Vítima do comunismo durante décadas, o Leste europeu naturalmente rejeita fortemente essa ideologia – no caso da Ucrânia, esse repúdio é ainda mais destacado, com uma das legislações anticomunistas mais severas do mundo.
Em 2015, o parlamento ucraniano aprovou uma lei que proíbe a divulgação de conteúdos apoiando o comunismo e o nazismo, a negação pública do caráter criminoso desses regimes e o uso de seus símbolos, além de outra lei que legalizou as organizações políticas e paramilitares que enfrentaram o regime soviético durante a Segunda Guerra Mundial.
Com base nessa legislação, a Ucrânia proibiu as atividades de partidos comunistas no país e passou a demolir monumentos e a modificar nomes de logradouros públicos que homenageavam personagens históricos do comunismo.
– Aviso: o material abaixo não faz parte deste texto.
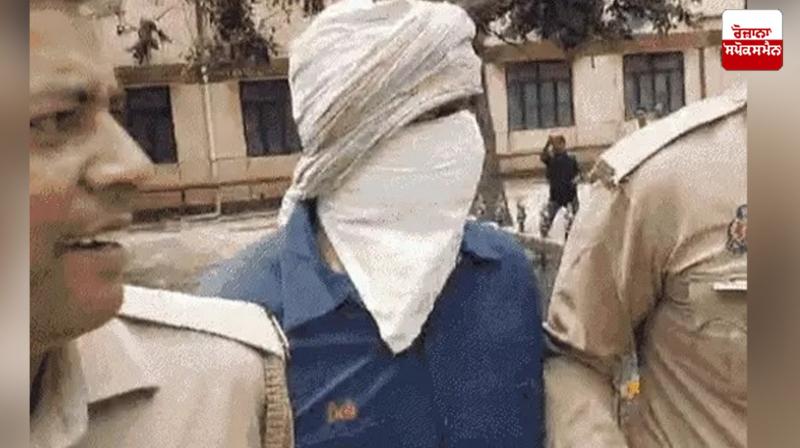Hathras stampede: The main accused was caught from Delhi, in police custody Hathras stampede: The main accused was caught from Delhi, in police custody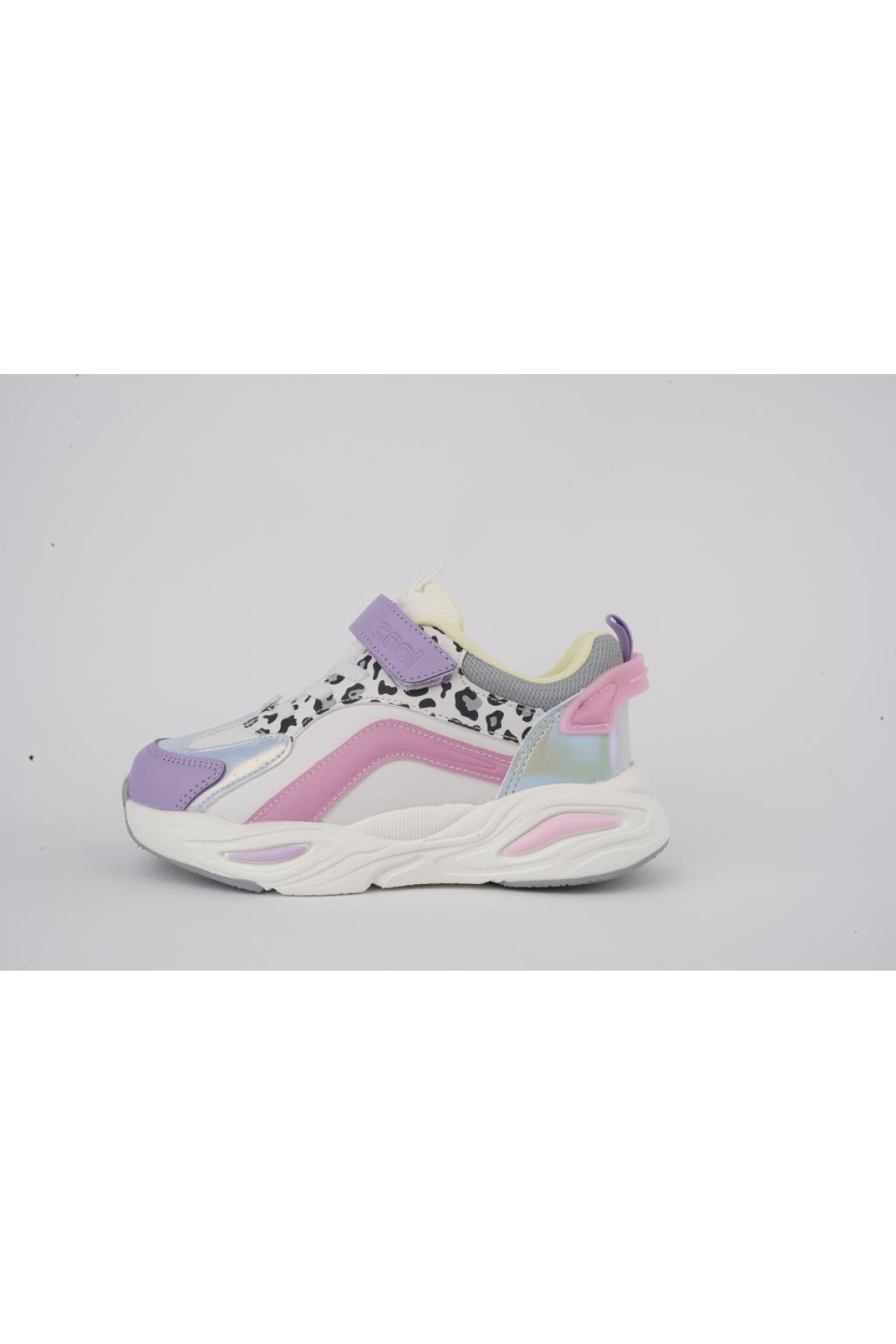 Toti Pu Unisex Çocuk Günlük Sneaker Spor Ayakkabı - Görsel 4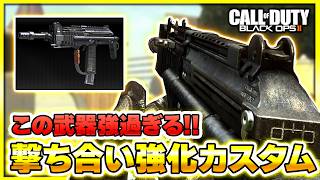 【CoD:BO2】愛用者多数の大人気強武器『MSMC』が今でも最高に楽しくて強い武器でした【ぐっぴー】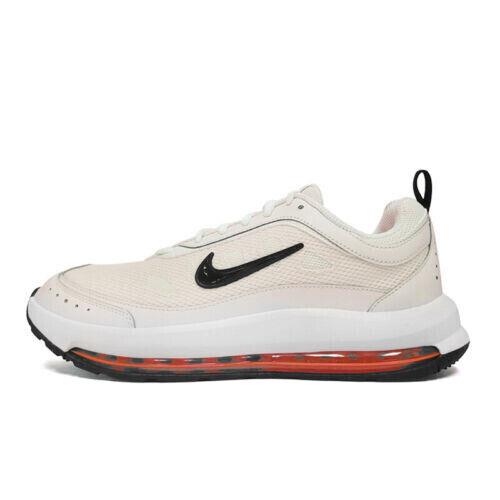 Nike Air Max AP Mens Size 13 Summit White Black Running Shoes CU4826 103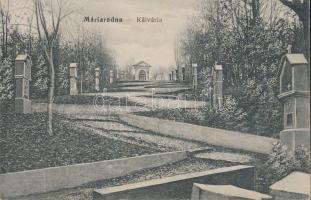 Máriaradna Calvary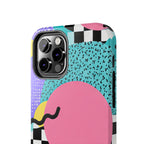 Miami Bubble Pop | Tough Phone Case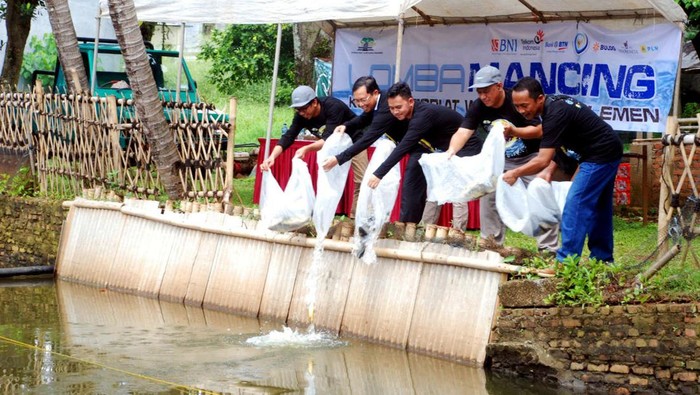 Lomba Mancing Antarwartawan Koordinatoriat Wartawan Parlemen (KWP), hari ini, Sabtu (10/9/2022), menggelar lomba mancing antarwartawan, di Pemancingan Rumah Kabeda, Depok, Jawa Barat.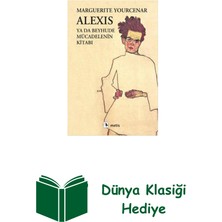 Metis Yayınları Alexis Ya Da Beyhude Mücadelenin Kitabı + Dünya Klasiği Hediye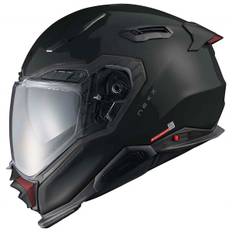 Nexx X.WST3 Plain Helm, schwarz matt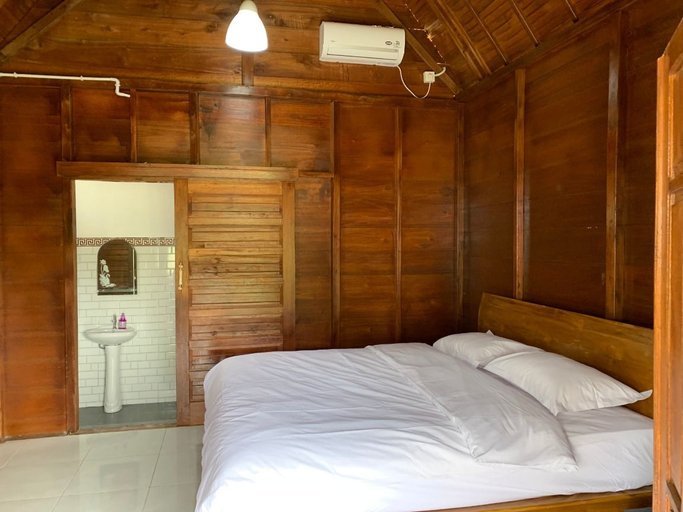 Bedroom 3, Tanah Penida Bungalow, Klungkung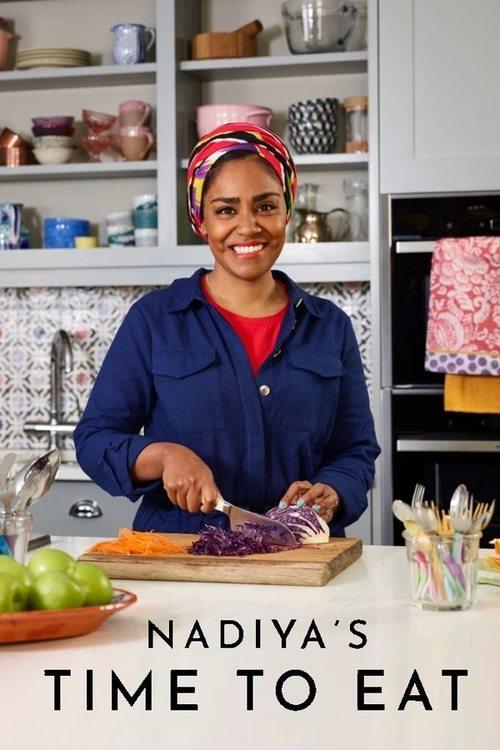 Nadiya's Time to Eat poster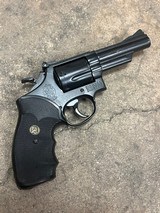 SMITH & WESSON 19-2 .357 MAG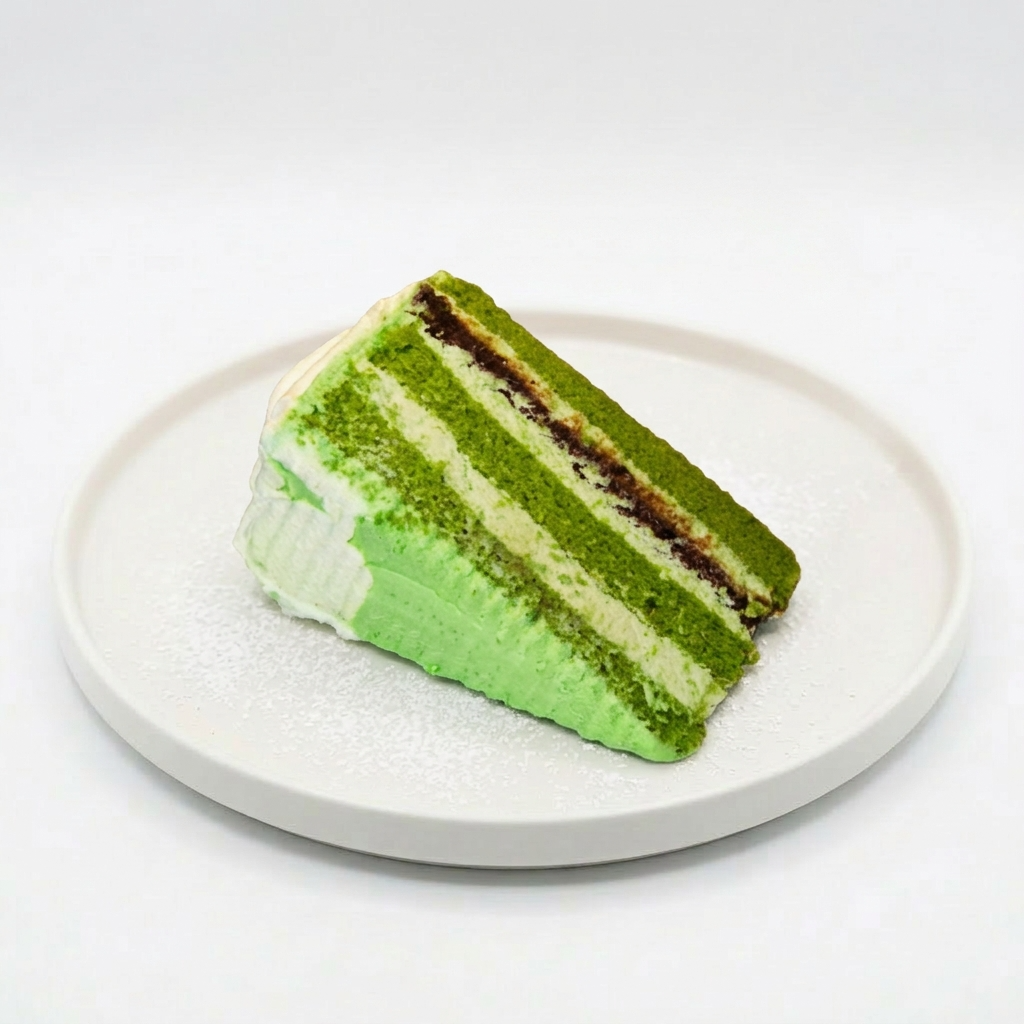 Green Tea Cake抹茶蛋糕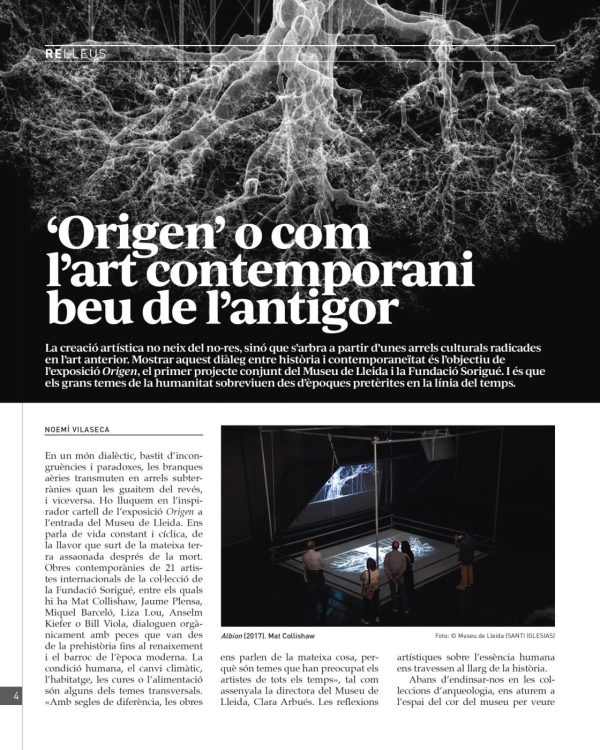 Revista <strong>#mangrana15</strong> <br>"apocalipsi" - Imatge 3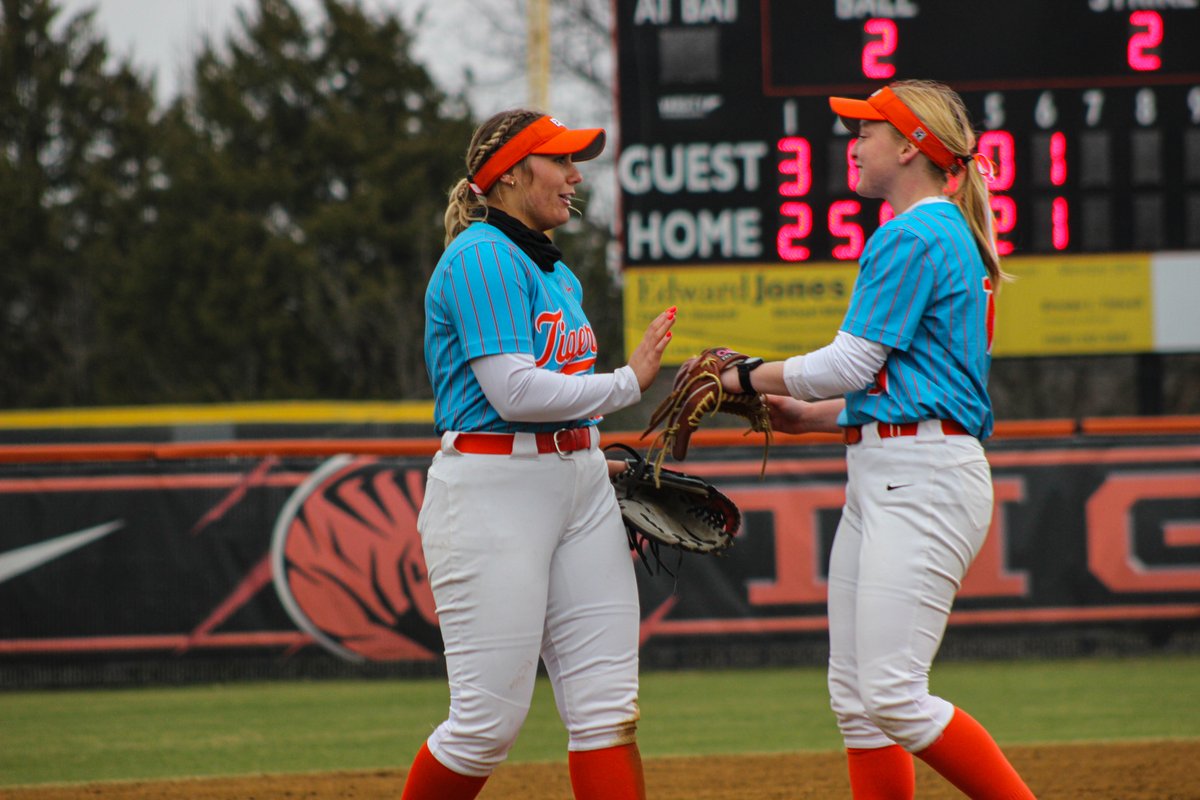 Softball Splits Home Opener with Newman, Mauppin Earns Third Straight Win in 11-8 Victory 🤩🥎

📰ecutigers.com/news/2025/2/15…

#GoTigers x #TigerTerritory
Em 2019, o Tribunal Constitucional, ao ratificar a lei que iguala o comunismo ao nazismo – cuja transgressão prevê pena de até cinco anos de prisão para indivíduos e fechamento de organizações, cujos responsáveis podem ser encancerados por até dez anos -, pontuou que “o regime comunista, como o regime nazista, infligiu danos irreparáveis aos direitos humanos porque durante sua existência exerceu total controle sobre a sociedade e perseguições e repressões politicamente motivadas, violou suas obrigações internacionais e suas próprias constituições e leis”.
“A rejeição ao comunismo é natural, por ser uma das experiências mais nefastas da história da humanidade. Mas não se trata de uma simples rejeição ao comunismo, e sim com relação a todos os totalitarismos. A lei de 2015 não é apenas uma rejeição ao comunismo, mas uma equiparação da manifestação de ideias comunistas às nazistas. Ou seja, é um rechaço ao totalitarismo em si, independentemente da figura política que ele assuma”, afirma Eduardo Saldanha, especialista em relações internacionais e professor da Escola de Direito da Pontifícia Universidade Católica do Paraná (PUCPR).
O analista acrescenta, porém, que a experiência com o comunismo evidentemente contribuiu para a intensa rejeição ucraniana ao comunismo.
“A Ucrânia sofreu muito durante o comunismo, me arrisco a dizer que sofreu muito mais com o comunismo do que com o nazismo. O rechaço às manifestações nazistas já existia, mas o que me surpreende é que tenha demorado a se dar o mesmo tratamento ao comunismo. Não podemos esquecer o Holodomor”, justifica, numa referência ao desastroso programa de reorganização da agricultura nos estados soviéticos que matou entre 2 milhões e 12 milhões de ucranianos de fome entre 1932 e 1933.
Leis vieram após agressões russas à soberania ucraniana
As leis anticomunista e de reconhecimento a grupos antissoviéticos foram aprovadas um ano após a anexação da península da Crimeia pela Rússia e do início da guerra em Donbass, onde grupos separatistas apoiados pelos russos declararam duas repúblicas independentes.
À época, o Ministério das Relações Exteriores da Rússia criticou as leis, alegando que elas “correspondem às ideias distorcidas que estão sendo propagadas pelas autoridades em exercício na Ucrânia” e que serviriam para “introduzir métodos totalitários para liquidar partidos inadequados”.
Além disso, Moscou alegou que reconhecer os grupos antissoviéticos do período da Segunda Guerra Mundial seria uma homenagem a “colaboradores nazistas”.
Saldanha acredita que em parte as leis de 2015 foram uma resposta à agressão à soberania ucraniana deflagrada pela Rússia no ano anterior, mas que a demora para a Ucrânia editar uma legislação anticomunista, mais de 20 anos após o fim da União Soviética, também tem a ver com uma “lembrança do sistema soviético, um saudosismo” minoritário, mas ainda presente na Europa oriental.
“Dentro da própria Ucrânia, de Belarus, da Geórgia, em toda aquela região, ainda existe um ideário comunista muito forte, muito presente, ao contrário do que aconteceu com o nazismo, que foi basicamente exterminado como ideário, a não ser por alguns grupos sem qualquer conexão com a realidade. O comunismo ainda é uma ideologia aplicada em alguns lugares do mundo e tida por alguns como uma esperança”, explica o professor.